Posted: September 15, 2005 7:00 pm ET

(Washington) Congress is moving forward on legislation to ensure LGBT federal workers are protected from discrimination on the job.

The House Government Reform Committee unanimously approved a bill Thursday that would force the Office of Special Counsel to obey an executive order that traditionally has been used to protect gays in the civil service

The Office of the Special Counsel is responsible for investigating allegations of discrimination in the federal government.

Since his appointment by President Bush, Scott Bloch the director of the agency has refused to investigate claims from LGBT workers.

Appearing in May before the the Senate Homeland Security and Government Affairs subcommittee on oversight of government management, the federal workforce and the District of Columbia, Bloch said that his interpretation of the executive order, signed during the Clinton presidency, cannot be used to protect gay workers because it does not specifically name LGBT workers. (story)

"It is not something I can prosecute in my agency," Bloch told the committee. "I am limited by the enforcement statutes that you give me."

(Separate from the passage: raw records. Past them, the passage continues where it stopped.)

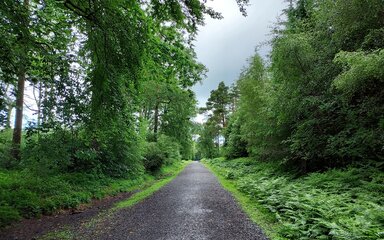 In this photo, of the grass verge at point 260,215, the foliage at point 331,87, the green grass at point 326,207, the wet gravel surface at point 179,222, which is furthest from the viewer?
the foliage at point 331,87

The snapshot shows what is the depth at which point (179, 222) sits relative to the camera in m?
6.00

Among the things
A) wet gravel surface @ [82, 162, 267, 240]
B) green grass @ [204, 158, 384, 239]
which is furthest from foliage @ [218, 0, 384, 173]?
wet gravel surface @ [82, 162, 267, 240]

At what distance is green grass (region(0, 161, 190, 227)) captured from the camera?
627 cm

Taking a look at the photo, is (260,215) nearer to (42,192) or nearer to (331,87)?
(331,87)

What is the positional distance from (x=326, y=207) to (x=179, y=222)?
10.7 feet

At that point Sen. Carl M. Levin (D-Mich.) asked if Bloch would recommend Congress amend the law to add sexual orientation to the protections for federal employees. Bloch declined to take a position saying that it was a matter for Congress not him to comment on.

The legislation approved Thursday in committee was the result of that encounter.

"Members of Congress are fighting for more than 2 million federal workers while a Bush appointee tries to chisel away at protections," said HRC President Joe Solmonese.

"This measure would halt the rollback of a law preventing anti-gay discrimination that has existed for three decades."

Bloch has been under fire for more than year for stonewalling complaints of discrimination by LGBT federal workers.

In February 2004 he ordered references to sexual orientation removed from the Office of the Special Counsel website. (story) Since 1998, when President Bill Clinton issued an executive order prohibiting bias in the civil service, the OSC has taken that to include sexuality.

A month after the references disappeared from the OSC website Bloch said gay workers were no longer protected. (story)

After intense pressure from Federal Globe, an organization for gay and lesbian workers, and from Democrats on The Hill, the White House said it would honor an Executive Order signed by President Clinton

But, last September, with Bloch's approval, several union contracts negotiated with various branches of the government removed the list of categories that are protected replacing them with the more nebulous phrase "any class protected by law." (story)

"From national park rangers to emergency personnel, federal employees fill important roles in American society. The last thing they should have to worry about is a bureaucrat in Washington rolling back their employment protections," Solmonese said.